今、最も企業の経営陣が恐れている存在が労働基準監督署だ。「書類送検」は当然のこととして「是正勧告」を貰うだけでも大きく報道され企業ブランドが失墜しかねない。労基署の中でも、最も注目されているのが電通事件でも捜査を担当した「過重労働撲滅特別対策班(かとく)」である。今回、かとくのリーダーである、東京労働局労働基準部の樋口雄一監督課長が日経ビジネスの独占インタビューに応じた。
(聞き手は広岡 延隆)
※日経ビジネス6月5日号では「労基署はもう見逃さない あなたが書類送検される日」と題した特集を掲載しています。あわせてお読みください。

「かとく」とはそもそも、どういう組織なのか?
電通事件で捜査を担当したこともあり、「かとく」という組織が非常に注目を集めています。そもそもどんな状況でお呼びがかかるのでしょうか。
樋口:「過重労働撲滅特別対策班」という名前の通り、まずは過重労働の対策に特化しています。あとは対象が複数の支店や事業所に渡って捜査しなければならない大規模な事案ですね。大企業ということになるんだろうと思います。(コンピューター内部のデータを収集分析する)デジタルフォレンジックのような捜査技術を持たないと対応できないような事案もそうですね。
普段、労基署に勤めておられる監督官の方々が、管内の企業を見て回っていますよね。そこから案件として上がってくるんでしょうか。
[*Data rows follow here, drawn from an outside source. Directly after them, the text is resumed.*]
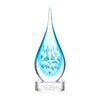 Matrix Award on Stanrich Base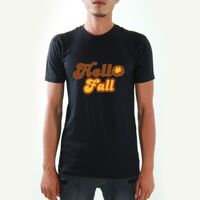 Adult t-shirts Thumbnail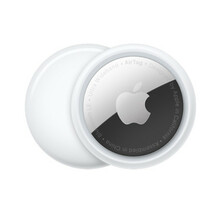 Nutikas jälgimisseade Apple AirTag X532ZY/A 1 tk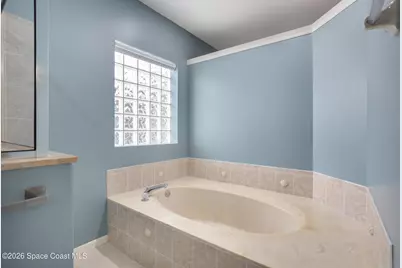 3350 N Tropical Trail, Merritt Island, FL 32953 - Photo 25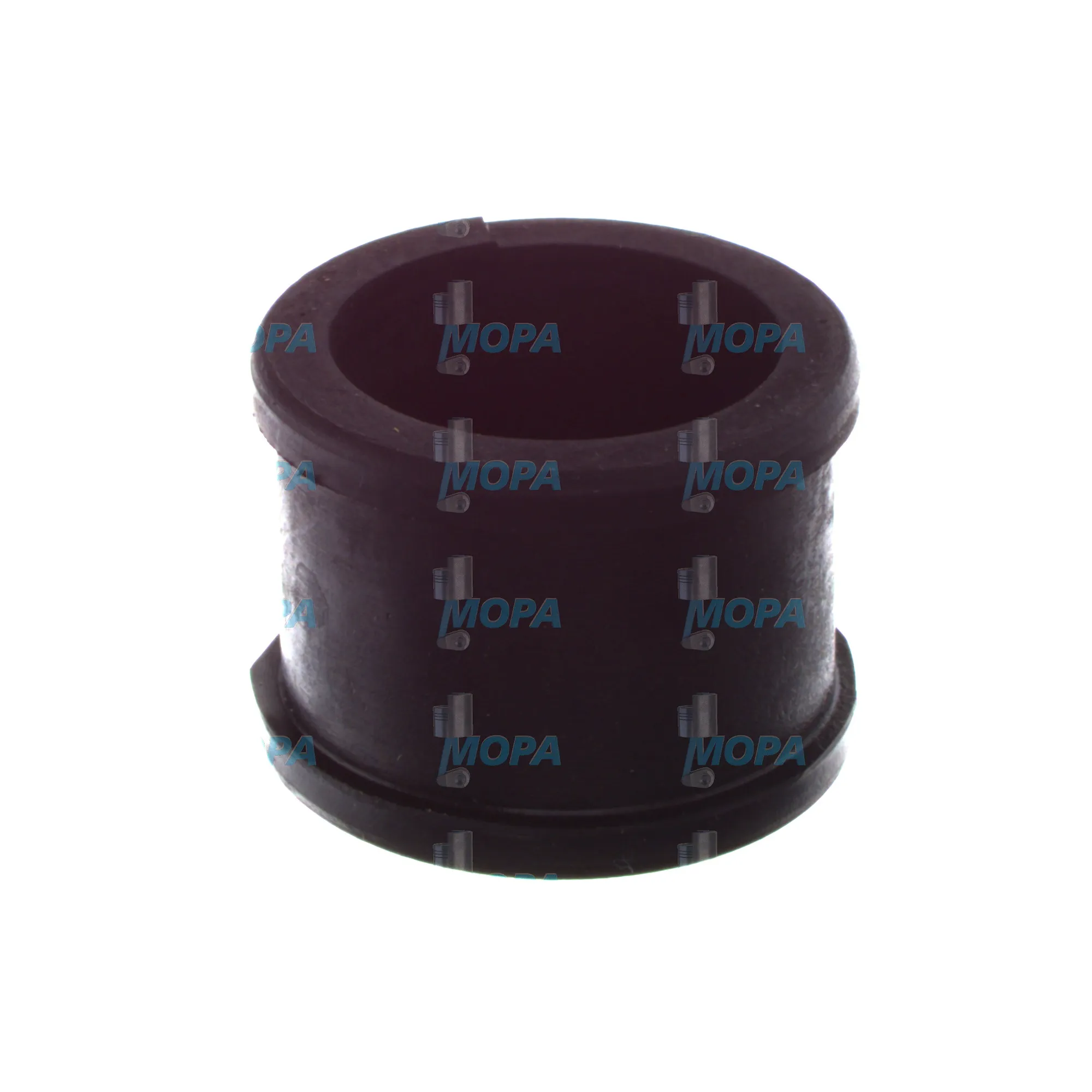 GROMMET - 700327028000 suitable for MTU engines 5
樋口:署内でやっているものを横取りすることにはならないです。一概には言えないんですが、例えばどこかの署である会社のお店を行政指導している。それを別の監督署でもやっている。その場合、それは個々の事業所の問題ではなくて、企業全体の制度などに由来しているものではないかというような目で見るわけです。
まず行政指導があるわけですけれども、「かとく」の場合はいきなり捜査や司法処分といったことになっています。そうすると、例えば以前から何度も行政受けていても直ってないとかいうところ。もう行政指導だけでは直らないのではないかといったようなところでしょうね。
なるほど。行政指導から次のステップに進むだけの悪質性があるところを、過去の指導実績などからピックアップしていくということですか。
樋口:そうなるでしょうね。一般論ですよ。少なくともそういう企業にとっては(我々が行っても)今、初めて聞きましたみたいな話ではないわけです。